Financial Market Authority co-head Helmut Ettl said plans were on track to have the ECB take on that role.

"We welcome this project and think that the current timetable will hold so that the project gets its legal basis in July of this year and the whole thing goes operative at the middle of next year at the latest," he said late on Wednesday in remarks for release on Thursday.

A resolution scheme to close or salvage struggling banks should follow. The third and final step would be a coherent framework across Europe for deposit protection.

But Germany, backed by allies like Austria, has called for a change in the EU treaty to allow for the union, raising questions about how fast it can be implemented.

German Finance Minister Wolfgang Schaeuble wants amendments to permit common rules on shutting troubled banks - a central element of the union that aims to stabilise the euro zone and keep taxpayers from footing bank rescue bills.

Asked when a single bank windup scheme could be in place given Schaeuble's comments, Ettl said: "We assume that work will continue according to the existing timetable, and the goal there is to have an agreement this year. We do not know yet what the agreement will look like."
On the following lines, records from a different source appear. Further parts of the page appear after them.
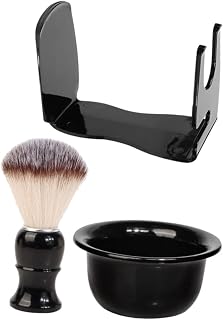 Men Beard Brush Set with Bowl and Razor Holder, Black ABS Nylon Travel Kit | Portable Grooming Tools for Home or Travel, Practical Cleaning, Lightweight One Set for Daily Use and Storage
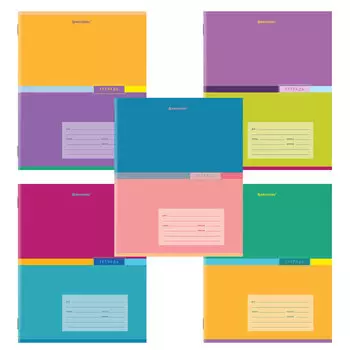 106487, (цена за 20 шт.) Тетрадь 24 л. BRAUBERG линия, обложка картон, "COLOR", 106487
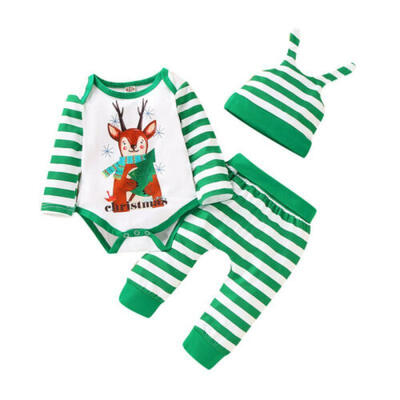 

Newborn Infant Baby Boys Stripe Deer Outfit Clothes Romper TopsPantsHat Set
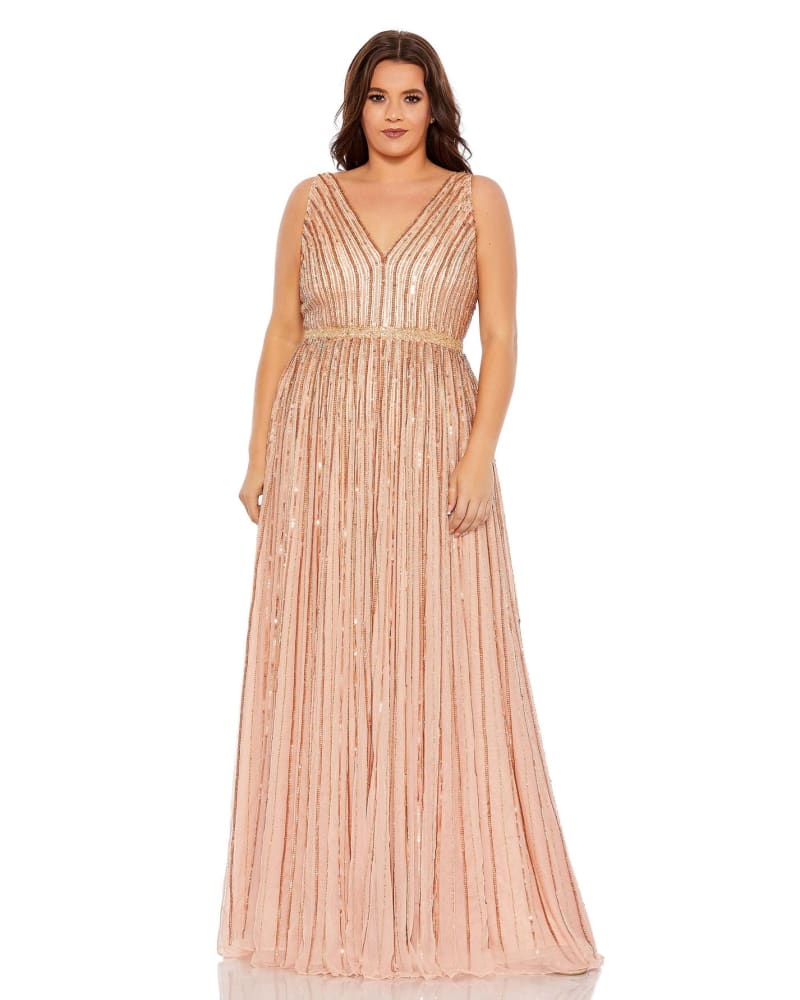 Front of a model wearing a size 12W Sequined Striped Sleeveless V Neck A Line Gown in Apricot by Mac Duggal. | dia_product_style_image_id:290027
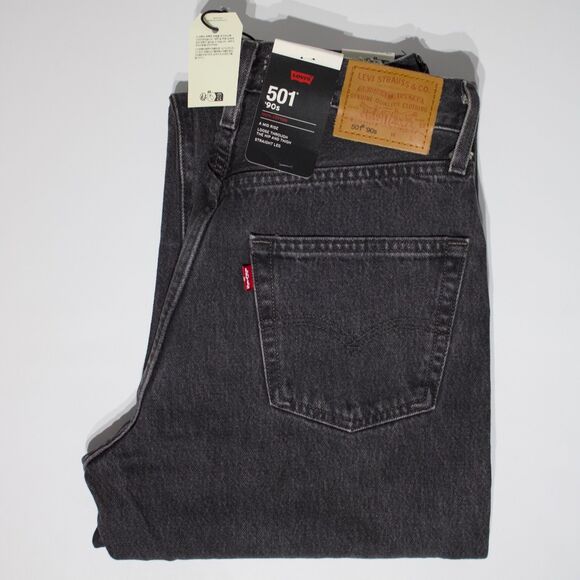 NWT $128 Levi's Premium 501 '90s Black Denim Studded Western Jeans Women 29x30 - Picture 8 of 16
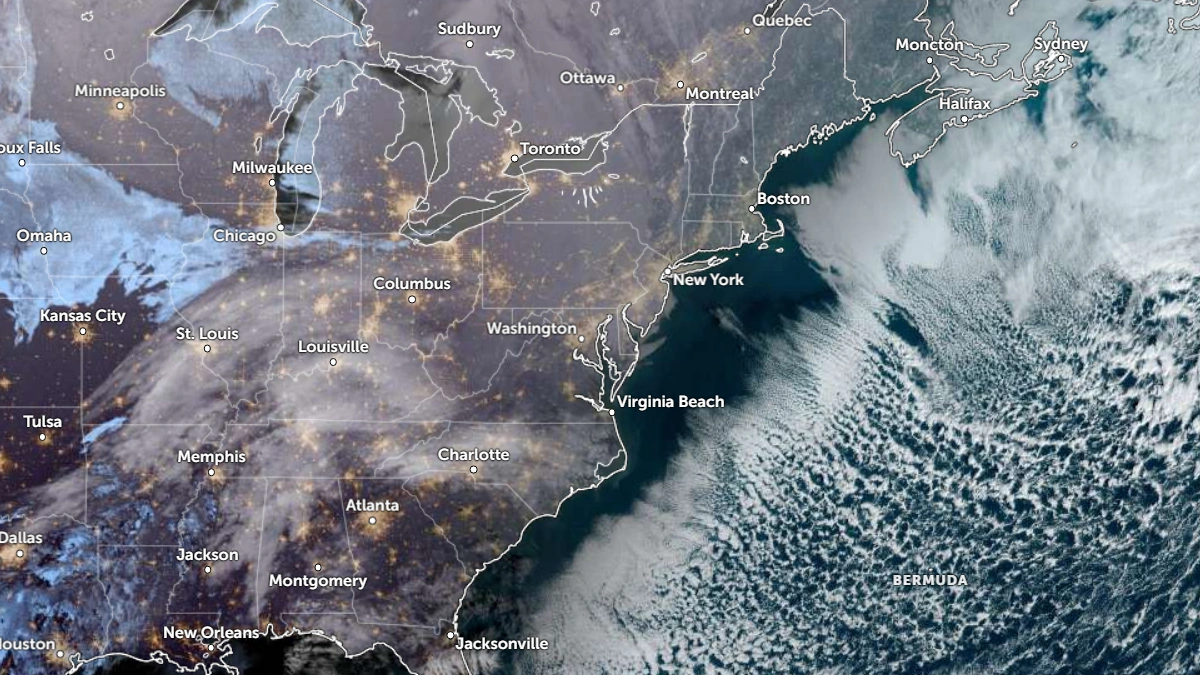 Satellite image of the U.S. Northeast and Mid-Atlantic at 1310 UTC on February 3, 2026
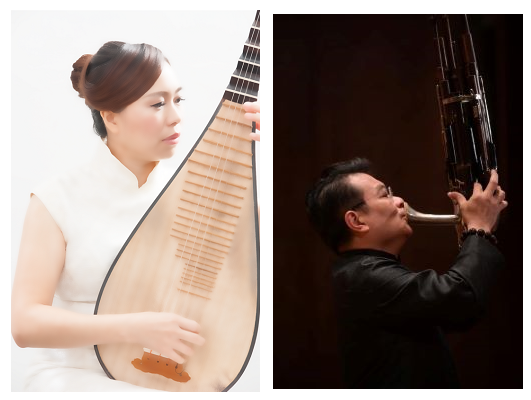 A collage of sheng player Lung-Yi Huang and pipa player Hui-Kuan Lin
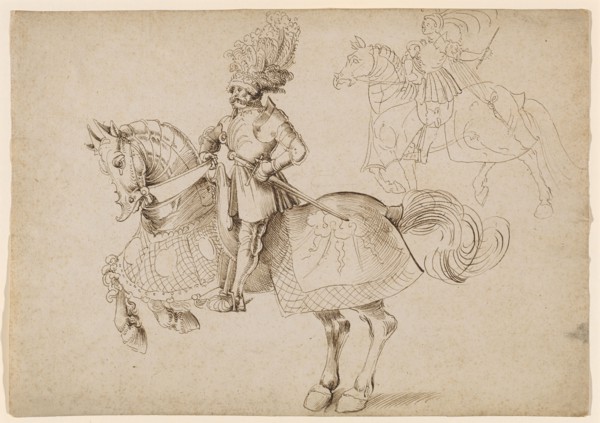 Two Horsemen, left, 1st half of the 16th century, feather in brown, leaf: 21.7 x 30.9 cm, unsigned,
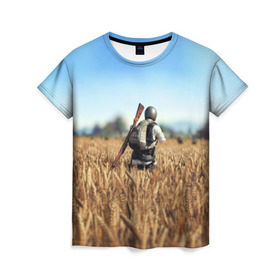 Женская футболка 3D с принтом PUBG _9 в Ухте, 100% полиэфир ( синтетическое хлопкоподобное полотно) | прямой крой, круглый вырез горловины, длина до линии бедер | battle royale | playerunknown | playerunknowns | playerunknowns battlegrounds | pubg | онлайн игра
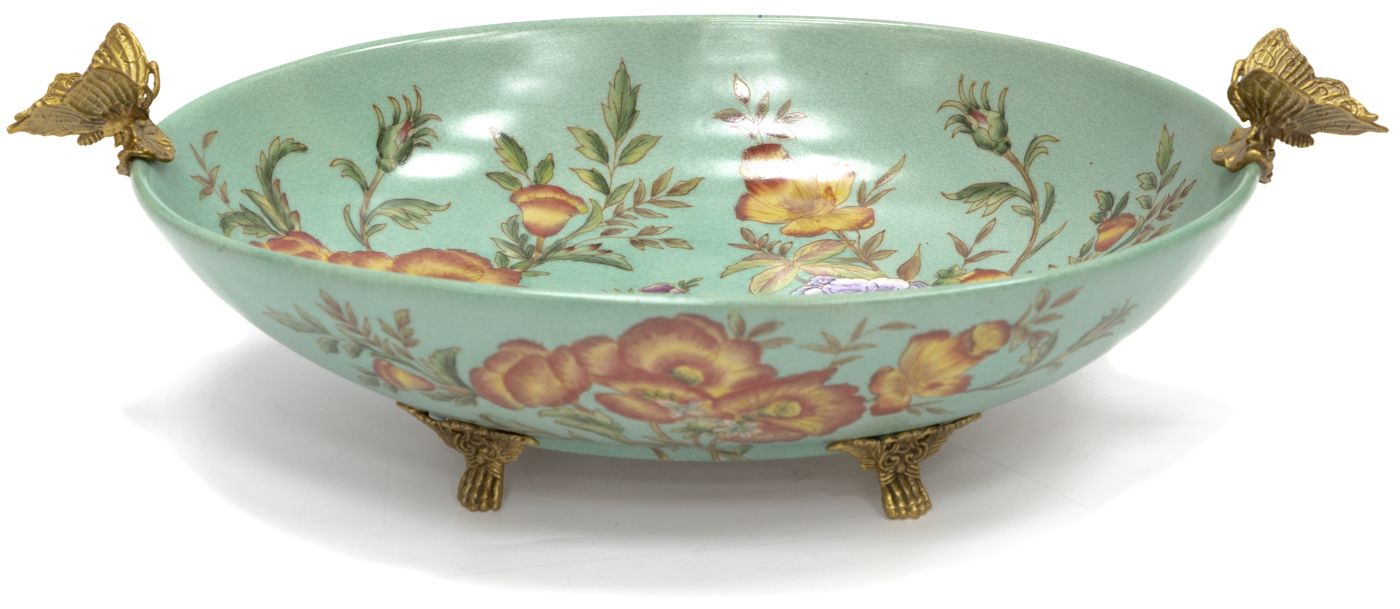 Блюдо овальное с бабочками Glasar 31G2427/HD010C/HLG2037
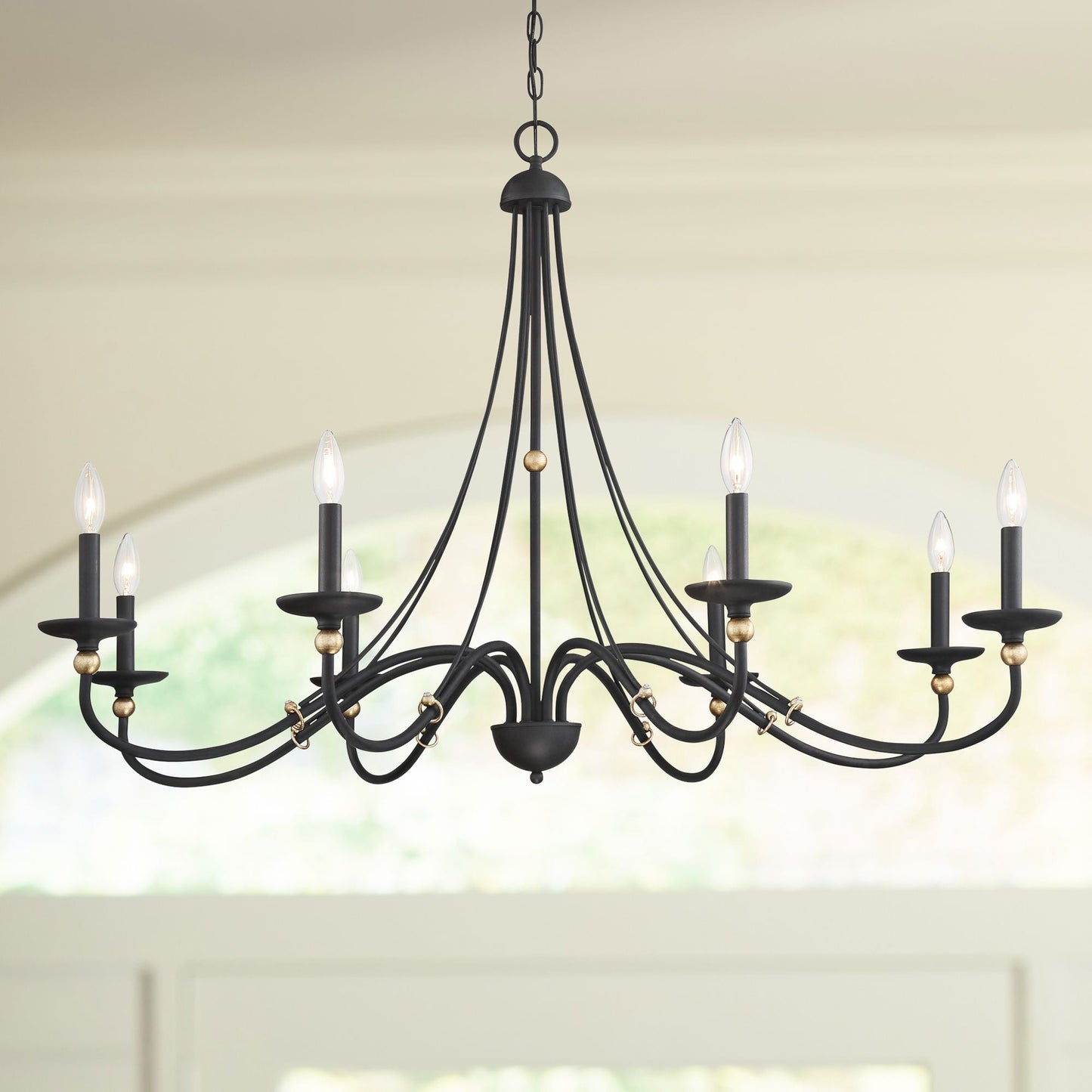 Westchester County Luxury Candle Chandelier - 6 or 8-Light Sand Black & Gold Hanging Pendant | Modern Minimalist Curved Lamp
Experience has shown that "you find solutions when the burden of suffering is big enough, so we are absolutely optimistic here," he added.

FMA officials said it remained open whether the European Banking Authority (EBA) would conduct bank stress tests this year as it prepares to hand over responsibility for overseeing major euro zone lenders to the ECB in 2014.

They had said in January that the EBA - which monitors banks in all 27 EU countries - planned stress tests on major banks this year. Sources close to the matter had said the ECB and EBA aimed to carry out joint tests in September.

But Ettl said the status of testing was still undecided.

"The ECB is not preparing any stress test at the moment. It is being discussed whether a stress test will be conducted at the EBA level. There are no final decisions yet," he said.

He said future stress tests would not be stricter, but more reliable.

Seven Austrian banks will fall under direct ECB supervision: Erste Group (>> Erste Group Bank AG), the Raiffeisen Zentralbank group including listed unit RBI (>> Raiffeisen Bank International AG), BAWAG PSK , Raiffeisen banks in Upper Austria and Lower Austria/Vienna, Hypo Alpe Adria , and the Volksbanken (>> Oesterreichische Volksbanken-AG) group.

Bank Austria will be included via Italian parent UniCredit (>> UniCredit SpA).

The FMA shares responsibility for bank supervision with Austria's central bank, but this will change once the ECB takes on direct oversight of 130 to 150 big euro zone lenders.

On other subjects, FMA co-head Klaus Kumpfmueller said Austria would "presumably" have its own central counterparty (CCP) for clearing over-the-counter derivative trades under a new regulatory regime that is now taking shape.

He said the Wiener Boerse stock exchange operator and Oesterreichische Kontrollbank - Austria's main provider of financial and information services to the export industry and capital market - planned to jointly launch a CCP in Austria.

The first mandatory clearing of derivatives is supposed to start in the second quarter of 2014 across Europe, he said.

World leaders agreed in 2009 during the financial crisis to crack down on trading in the opaque multi-trillion-dollar derivatives market.